(Problem statement):
Transcribe exactly the lines from the one holding "Steers AAC Language & Speech, Inc website" to the end of the data below, including both of those lines and no others.

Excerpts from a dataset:

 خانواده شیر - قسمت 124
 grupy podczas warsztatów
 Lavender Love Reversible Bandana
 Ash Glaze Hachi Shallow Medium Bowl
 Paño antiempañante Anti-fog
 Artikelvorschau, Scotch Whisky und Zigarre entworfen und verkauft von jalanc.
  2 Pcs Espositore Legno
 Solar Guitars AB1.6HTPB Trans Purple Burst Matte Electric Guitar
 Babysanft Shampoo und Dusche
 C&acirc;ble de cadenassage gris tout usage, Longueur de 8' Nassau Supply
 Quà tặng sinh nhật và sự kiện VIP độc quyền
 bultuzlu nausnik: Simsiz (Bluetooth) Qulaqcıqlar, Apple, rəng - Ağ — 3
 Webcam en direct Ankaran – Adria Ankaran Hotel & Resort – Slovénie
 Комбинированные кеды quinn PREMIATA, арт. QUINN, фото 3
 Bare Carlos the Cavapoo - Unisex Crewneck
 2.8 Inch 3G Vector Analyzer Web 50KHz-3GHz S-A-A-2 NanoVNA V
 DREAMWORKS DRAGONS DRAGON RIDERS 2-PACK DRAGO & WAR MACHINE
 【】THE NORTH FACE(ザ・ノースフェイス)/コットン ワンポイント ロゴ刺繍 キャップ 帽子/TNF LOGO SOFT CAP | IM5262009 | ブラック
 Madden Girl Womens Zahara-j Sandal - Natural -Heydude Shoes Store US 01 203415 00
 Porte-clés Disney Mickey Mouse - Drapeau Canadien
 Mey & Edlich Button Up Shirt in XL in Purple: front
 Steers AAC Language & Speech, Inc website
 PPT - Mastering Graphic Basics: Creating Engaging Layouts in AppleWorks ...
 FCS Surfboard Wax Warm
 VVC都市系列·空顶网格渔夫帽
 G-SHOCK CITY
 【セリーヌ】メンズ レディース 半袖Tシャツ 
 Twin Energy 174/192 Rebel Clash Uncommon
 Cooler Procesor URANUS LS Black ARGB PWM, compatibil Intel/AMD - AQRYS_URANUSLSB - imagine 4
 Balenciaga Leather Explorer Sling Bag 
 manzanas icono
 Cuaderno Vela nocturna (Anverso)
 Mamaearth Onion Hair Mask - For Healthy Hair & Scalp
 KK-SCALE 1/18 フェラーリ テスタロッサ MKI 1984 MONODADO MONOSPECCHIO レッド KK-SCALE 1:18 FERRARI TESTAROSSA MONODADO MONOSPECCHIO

(Exercise solution):
 Steers AAC Language & Speech, Inc website
 PPT - Mastering Graphic Basics: Creating Engaging Layouts in AppleWorks ...
 FCS Surfboard Wax Warm
 VVC都市系列·空顶网格渔夫帽
 G-SHOCK CITY
 【セリーヌ】メンズ レディース 半袖Tシャツ 
 Twin Energy 174/192 Rebel Clash Uncommon
 Cooler Procesor URANUS LS Black ARGB PWM, compatibil Intel/AMD - AQRYS_URANUSLSB - imagine 4
 Balenciaga Leather Explorer Sling Bag 
 manzanas icono
 Cuaderno Vela nocturna (Anverso)
 Mamaearth Onion Hair Mask - For Healthy Hair & Scalp
 KK-SCALE 1/18 フェラーリ テスタロッサ MKI 1984 MONODADO MONOSPECCHIO レッド KK-SCALE 1:18 FERRARI TESTAROSSA MONODADO MONOSPECCHIO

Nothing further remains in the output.